As legislators prepare to return to Montgomery on Feb. 5, we have to determine what issues will be our priorities in the coming legislative session. In the coming weeks, House Democrats will announce our official legislative agenda for the year. But today, I’d like to discuss what the legislature’s top priorities should be when we return to the capitol.
One of our top priorities has to be school security. To that end, Democrats will sponsor legislation to help provide armed resource officers in our schools to help keep our children safe. For school systems that still cannot afford a resource officer, Rep. Johnny Mack Morrow is working on developing a bill that will allow school administrators to choose some of their employees to train and qualify to become reserve police officers and sheriff’s deputies so that they will have the training to respond in situations like what happened at Sandy Hook last month.
Having resource officers on campus not only increases school security, as studies have shown that it reduces student absences and instances of fighting and bullying in schools. It also sends a message to our children that they are important and deserve protecting, just like the president or college football coaches who have armed guards.

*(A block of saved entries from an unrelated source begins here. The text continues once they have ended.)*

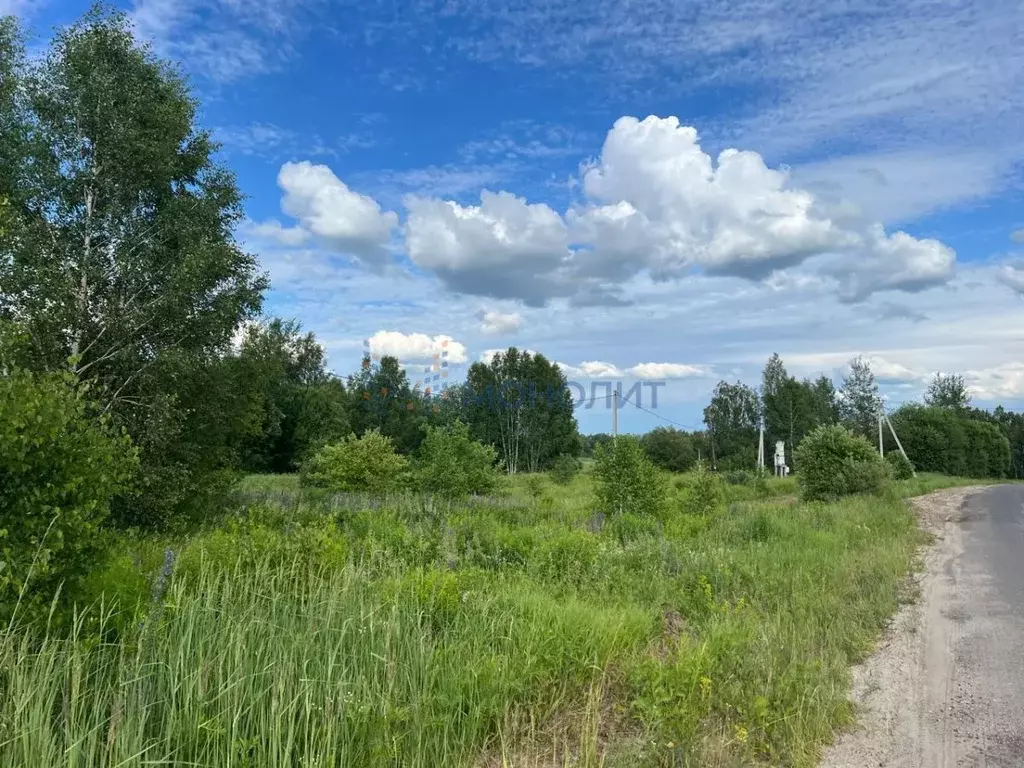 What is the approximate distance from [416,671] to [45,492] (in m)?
2.57

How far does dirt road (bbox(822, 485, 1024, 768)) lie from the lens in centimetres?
383

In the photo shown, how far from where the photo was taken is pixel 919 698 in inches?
181

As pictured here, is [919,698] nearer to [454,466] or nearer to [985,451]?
[454,466]

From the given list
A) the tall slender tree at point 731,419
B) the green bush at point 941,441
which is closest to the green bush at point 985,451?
the green bush at point 941,441

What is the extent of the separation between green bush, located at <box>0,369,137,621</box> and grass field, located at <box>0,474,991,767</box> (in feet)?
1.02

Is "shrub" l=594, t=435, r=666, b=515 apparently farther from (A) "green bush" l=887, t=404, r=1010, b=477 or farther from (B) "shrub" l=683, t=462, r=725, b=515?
(A) "green bush" l=887, t=404, r=1010, b=477

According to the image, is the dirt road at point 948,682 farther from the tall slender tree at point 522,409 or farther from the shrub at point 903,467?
the tall slender tree at point 522,409

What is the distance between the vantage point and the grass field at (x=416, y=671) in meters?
3.07

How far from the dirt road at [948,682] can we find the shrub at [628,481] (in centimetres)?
611

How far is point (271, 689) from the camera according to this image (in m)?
3.35

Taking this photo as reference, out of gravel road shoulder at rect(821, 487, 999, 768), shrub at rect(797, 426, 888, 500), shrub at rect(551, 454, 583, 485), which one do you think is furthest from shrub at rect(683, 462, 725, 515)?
shrub at rect(551, 454, 583, 485)

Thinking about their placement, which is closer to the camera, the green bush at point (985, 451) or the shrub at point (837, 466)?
the shrub at point (837, 466)

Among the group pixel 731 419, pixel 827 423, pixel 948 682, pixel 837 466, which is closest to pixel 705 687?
pixel 948 682

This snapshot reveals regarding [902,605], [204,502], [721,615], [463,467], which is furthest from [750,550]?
[204,502] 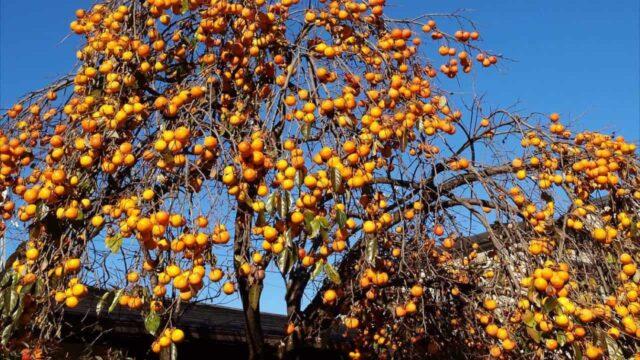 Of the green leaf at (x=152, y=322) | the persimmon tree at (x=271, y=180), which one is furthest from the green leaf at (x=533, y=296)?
the green leaf at (x=152, y=322)

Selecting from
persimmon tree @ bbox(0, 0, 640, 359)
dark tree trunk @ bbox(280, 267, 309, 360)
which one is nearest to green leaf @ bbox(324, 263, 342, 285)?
persimmon tree @ bbox(0, 0, 640, 359)

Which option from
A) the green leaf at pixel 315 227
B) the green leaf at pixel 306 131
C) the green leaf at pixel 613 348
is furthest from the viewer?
the green leaf at pixel 613 348

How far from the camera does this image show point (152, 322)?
2.45 m

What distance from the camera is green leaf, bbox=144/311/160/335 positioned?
2.42 meters

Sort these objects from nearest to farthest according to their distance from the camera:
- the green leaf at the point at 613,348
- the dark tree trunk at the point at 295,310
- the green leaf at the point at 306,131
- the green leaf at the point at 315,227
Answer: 1. the green leaf at the point at 315,227
2. the green leaf at the point at 306,131
3. the green leaf at the point at 613,348
4. the dark tree trunk at the point at 295,310

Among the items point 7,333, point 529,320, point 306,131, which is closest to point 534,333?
point 529,320

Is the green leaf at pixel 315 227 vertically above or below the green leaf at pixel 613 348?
above

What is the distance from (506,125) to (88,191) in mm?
2838

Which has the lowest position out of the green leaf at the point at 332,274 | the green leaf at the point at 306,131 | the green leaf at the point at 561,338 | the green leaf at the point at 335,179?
the green leaf at the point at 561,338

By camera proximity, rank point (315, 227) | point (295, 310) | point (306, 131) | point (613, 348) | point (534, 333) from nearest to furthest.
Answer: point (315, 227) < point (534, 333) < point (306, 131) < point (613, 348) < point (295, 310)

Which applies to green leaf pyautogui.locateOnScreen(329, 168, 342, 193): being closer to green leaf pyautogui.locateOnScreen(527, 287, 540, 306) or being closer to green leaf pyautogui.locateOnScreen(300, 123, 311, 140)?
green leaf pyautogui.locateOnScreen(300, 123, 311, 140)

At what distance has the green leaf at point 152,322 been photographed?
242cm

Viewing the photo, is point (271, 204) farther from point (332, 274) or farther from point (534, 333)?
point (534, 333)

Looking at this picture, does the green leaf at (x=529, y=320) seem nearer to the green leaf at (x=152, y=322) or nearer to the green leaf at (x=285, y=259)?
the green leaf at (x=285, y=259) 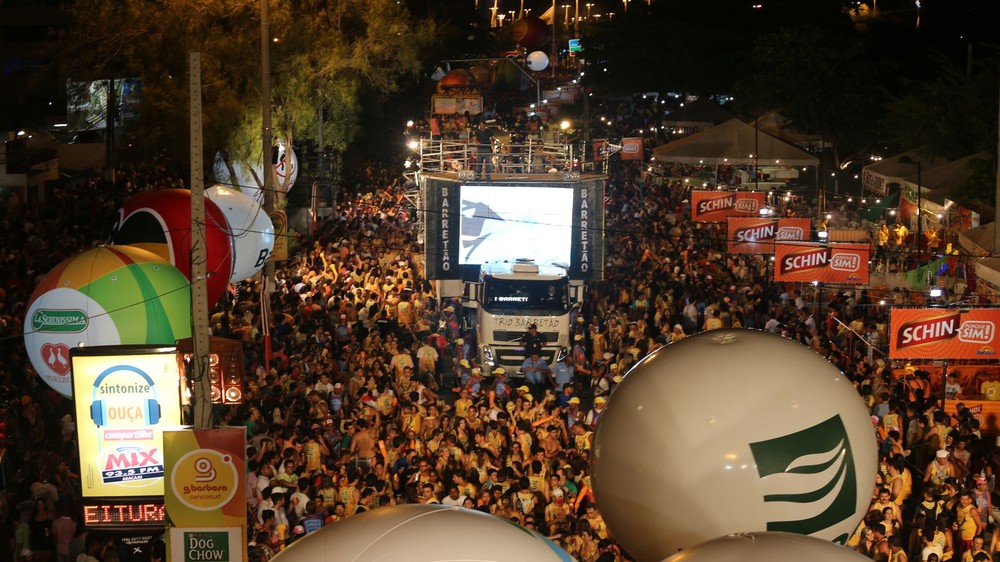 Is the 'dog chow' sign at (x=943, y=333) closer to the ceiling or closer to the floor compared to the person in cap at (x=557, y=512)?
closer to the ceiling

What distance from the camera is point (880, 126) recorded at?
133ft

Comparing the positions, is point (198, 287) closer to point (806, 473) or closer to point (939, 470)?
point (806, 473)

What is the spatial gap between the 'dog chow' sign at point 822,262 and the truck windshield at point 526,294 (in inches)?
143

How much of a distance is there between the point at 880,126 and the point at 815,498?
3637 centimetres

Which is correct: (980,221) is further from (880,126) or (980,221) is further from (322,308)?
(880,126)

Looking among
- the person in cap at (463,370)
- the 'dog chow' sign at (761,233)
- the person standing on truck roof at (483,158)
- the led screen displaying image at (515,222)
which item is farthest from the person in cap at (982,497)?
the person standing on truck roof at (483,158)

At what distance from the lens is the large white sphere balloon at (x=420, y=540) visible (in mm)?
4734

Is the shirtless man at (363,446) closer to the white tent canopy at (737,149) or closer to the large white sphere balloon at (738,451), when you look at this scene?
the large white sphere balloon at (738,451)

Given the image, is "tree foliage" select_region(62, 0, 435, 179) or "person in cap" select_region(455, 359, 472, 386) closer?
"person in cap" select_region(455, 359, 472, 386)

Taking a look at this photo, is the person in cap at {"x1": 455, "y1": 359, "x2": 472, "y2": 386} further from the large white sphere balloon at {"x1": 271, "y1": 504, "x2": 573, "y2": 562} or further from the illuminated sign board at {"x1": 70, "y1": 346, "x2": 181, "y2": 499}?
the large white sphere balloon at {"x1": 271, "y1": 504, "x2": 573, "y2": 562}

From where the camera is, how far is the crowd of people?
12.0m

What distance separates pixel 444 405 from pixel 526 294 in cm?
522

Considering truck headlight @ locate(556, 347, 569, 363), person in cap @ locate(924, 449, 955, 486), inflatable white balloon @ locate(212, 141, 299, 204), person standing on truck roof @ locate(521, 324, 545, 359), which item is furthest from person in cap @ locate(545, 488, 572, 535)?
inflatable white balloon @ locate(212, 141, 299, 204)

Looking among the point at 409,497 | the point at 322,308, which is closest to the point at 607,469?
the point at 409,497
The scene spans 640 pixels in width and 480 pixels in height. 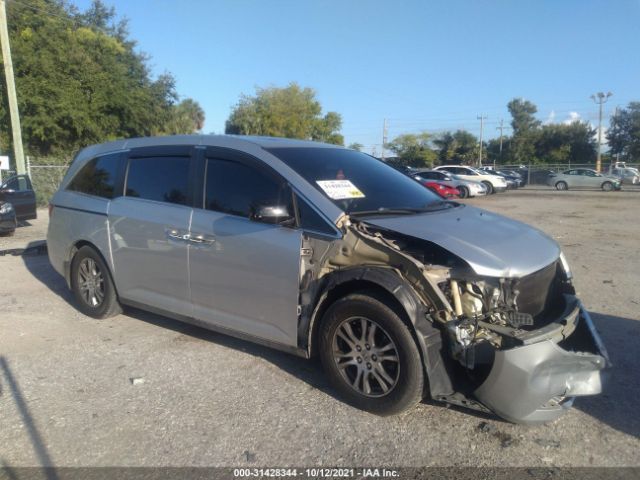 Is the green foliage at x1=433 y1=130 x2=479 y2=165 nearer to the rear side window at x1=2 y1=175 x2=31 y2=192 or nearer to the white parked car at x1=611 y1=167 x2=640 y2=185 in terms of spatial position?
the white parked car at x1=611 y1=167 x2=640 y2=185

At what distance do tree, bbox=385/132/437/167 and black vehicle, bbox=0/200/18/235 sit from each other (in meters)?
61.5

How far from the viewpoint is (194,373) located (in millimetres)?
4230

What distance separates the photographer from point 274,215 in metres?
3.72

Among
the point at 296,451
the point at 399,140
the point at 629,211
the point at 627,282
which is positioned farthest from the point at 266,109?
the point at 296,451

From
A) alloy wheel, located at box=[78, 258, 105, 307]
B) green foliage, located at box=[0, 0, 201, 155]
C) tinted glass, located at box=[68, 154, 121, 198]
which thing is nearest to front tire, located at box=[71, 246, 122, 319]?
alloy wheel, located at box=[78, 258, 105, 307]

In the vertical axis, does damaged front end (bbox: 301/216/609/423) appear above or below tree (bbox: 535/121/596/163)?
below

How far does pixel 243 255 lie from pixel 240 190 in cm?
55

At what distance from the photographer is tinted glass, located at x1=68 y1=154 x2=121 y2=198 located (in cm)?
539

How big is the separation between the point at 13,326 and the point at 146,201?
199cm

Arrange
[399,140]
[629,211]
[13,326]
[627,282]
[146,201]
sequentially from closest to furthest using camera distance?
[146,201]
[13,326]
[627,282]
[629,211]
[399,140]

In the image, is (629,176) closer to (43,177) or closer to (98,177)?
(43,177)

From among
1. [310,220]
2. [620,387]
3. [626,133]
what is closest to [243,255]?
[310,220]

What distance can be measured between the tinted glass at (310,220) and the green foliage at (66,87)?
2622 centimetres

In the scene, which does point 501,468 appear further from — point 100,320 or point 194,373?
point 100,320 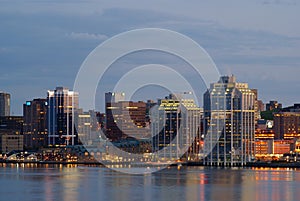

Another priority should be to give our educators, state employees and retirees a long-overdue pay increase. The last time educators and state employees received a pay increase was in 2008. Since then, the cost-of-living has increased by 7.5 percent, while over the past two years they have had an additional 2.5 percent taken out of their paychecks to help pay for their health and retirement benefits.
Some have argued that educators’ pay and benefits are better than the household average for Alabama, and therefore they do not need a pay increase. But there are problems with that argument.
First, Alabama does not have any kind of incentive program to recruit or keep educators. We had the DROP program to help keep educators, but the Republican Supermajority in Montgomery ended that program, as well as many of the job security protections that were in place. So offering competitive compensation and benefits are the only tools we have to recruit and keep educators and state employees.
Second, support personnel do not make as money as teachers do, and they especially need a pay increase to keep up with the increased costs of living.
Third, while teachers make about $5,000 a year more than the average household income, they are actually making much less than equally educated and trained professionals. Only about 22 percent of Alabamians have a bachelor’s degree, which is required to become a public school teacher in Alabama. And in 2008, it was reported that the average college graduate makes about $20,000 a year more than the average high-school graduate. So an Alabama teacher making only $5,000 a year more than the average household is actually making much less than what other college graduates are making.
Without offering more competitive pay and benefits, many of these educators may leave the state or get out of education and find a better paying job elsewhere, and it will be our children who will suffer for it.
A third priority for 2013 should be to pay back with interest the money that was borrowed from the state’s rainy day account to help shore up funding for Medicaid. Not only do we need to replenish the account in case of another emergency, but the state also makes money off of the interest payments on the account. And like any savings account, those interest payments go up and down based on how much money is in the account. So we also need to replenish the account so that we can get those interest payments we rely on back to where they need to be.
The fourth and fifth priorities for 2013 are meant to raise revenue without raising taxes on Alabama’s families. This process can be done by rolling back certain tax loopholes that allow multinational corporations like ExxonMobil to pay little or even no state income taxes, which is unfair to small business owners and Alabama-based companies. We should also reconsider a state lottery. Alabama is one of only seven states that do not have a lottery, which fiscal experts estimate could generate $250 million in new state revenue each year.
There are many other issues legislators need to address in the coming session, including job creation and economic development. But our priorities have to be making our schools safer, providing our children with the best education possible, and budgeting responsibly without raising taxes on Alabama’s families or cutting funding for education, Medicaid, and other critical government services. House Democrats look forward to working with Republicans to accomplish these goals.